Читать книгу Bovine Reproduction - Группа авторов - Страница 38

Hormone action depends on the release of hormones from the appropriate endocrine gland and transportation via the vascular circulatory system to the target tissue where the hormone binds to cellular receptors, thus inducing a physiological response. In some cases these receptors are very hormone‐specific. The response at the target tissue may depend on the level of receptor expression and concentration of hormone. Some hormones regulate their own receptors, others may require synergism between two hormones, and others still may have their receptors regulated by other hormones [34]. The general characteristics of neuroendocrine regulation of the mammalian testis by the hypothalamic–pituitary axis are well established [35], but in some species this may be seasonally regulated. Domestic cattle are considered to be continuous or non‐seasonal breeding species [36]. However, there is information in the literature to indicate that domestic beef and dairy bulls have a functional hypothalamic–pituitary–gonadal axis that is seasonally regulated and thus may influence levels of gonadal steroidal and germ cell production. In a study using composite breeds of mature bulls, Stumpf et al. [37] observed that season of the year influenced the profile of gonadotropins in the circulation of both gonadectomized and intact males, and that the greatest secretion of gonadotropins occurred at the spring equinox. In addition, these authors observed that season of the year also influenced secretion of testosterone in intact males, but that more testosterone was released in response to LH during the time of the summer solstice. Others have reported similar effects, where location affected reproductive traits of bulls including semen quality and blood concentrations of LH and testosterone [38, 39]. In addition, sensitivity in responsiveness to exogenous gonadotropin administration and testosterone secretion in bulls was observed to be seasonally influenced [40].

The regulation of testicular function by hormonal mechanisms depends on the integrated actions of gonadotropins, such as LH, FSH, and prolactin, and steroids (androgens and estrogens) on the Leydig cell [41]. Gonadotropin‐releasing hormone is the primary hypothalamic hormone governing regulation of the synthesis and release of the gonadotropins LH and FSH by the anterior portion of the pituitary gland. LH is primarily responsible for testosterone production by the Leydig cells, while FSH facilitates Sertoli cell proliferation and support of the germinal cells. Although it has been well established that gonadotropins stimulate testicular function, it was during the 1970s that the basic mechanism and site of action in the testis were identified. LH has been shown to be the gonadotropin essential for the maintenance of testicular testosterone production [41, 42]. Catt and Dufau [43] have reviewed the mechanisms of action of the gonadotropins and concluded that they all elicit target cell response by similar mechanisms.

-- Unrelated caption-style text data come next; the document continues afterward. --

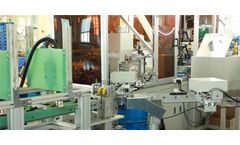 JASolar - Junction Box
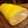 腹ぺこねこ's cooksnap of when they made 爽やかな香り立つオレンジロールケーキ.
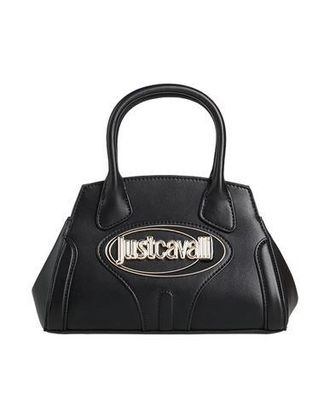Just Cavalli BOLSOS - Bolsos de mano en YOOX.COM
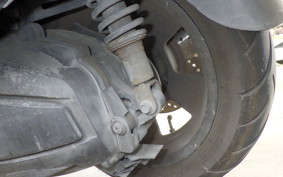 YAMAHA MAXAM 250 2024 SG17J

In fact, LH provides the most important physiological regulation of the production of androgens by the Leydig cells of the testis [44, 45].

Leydig cells contain plasma membrane‐bound receptors that specifically bind LH. The binding of LH stimulates adenyl cyclase to produce cyclic adenosine monophosphate (cyclic AMP), a second messenger in the cell cytoplasm, which in turn activates cyclic AMP‐dependent protein kinase, thereby increasing the conversion of cholesterol to pregnenolone. The action of LH can be readily demonstrated in hypophysectomized and intact males. Removal of the pituitary gland is followed by rapid cessation of testosterone production, loss of enzymes involved in steroidogenesis, and testicular atrophy [46]. There is little direct evidence to support a role of FSH in Leydig cell steroidogenesis, but there is some evidence indicating that this gonadotropin may play a function in the conversion of androgens to estrogens in the Sertoli cells [47]. Bartke et al. [42] have suggested that FSH may act on the aromatizing enzyme system of testosterone biosynthesis, but little evidence exists for action on other steps of the steroidogenesis pathway in the testis. In bulls, testosterone secretion is not tonic, but is characterized by episodic pulses dictated by the release of luteinizing hormone releasing hormone (LHRH) from the hypothalamus and LH from the anterior pituitary gland [48]. Schanbacher [48] reports that a temporal relationship exists between concentrations of LH and testosterone in the blood, and that there is evidence that episodic secretion depends on discrete episodes of LHRH discharge from the hypothalamus.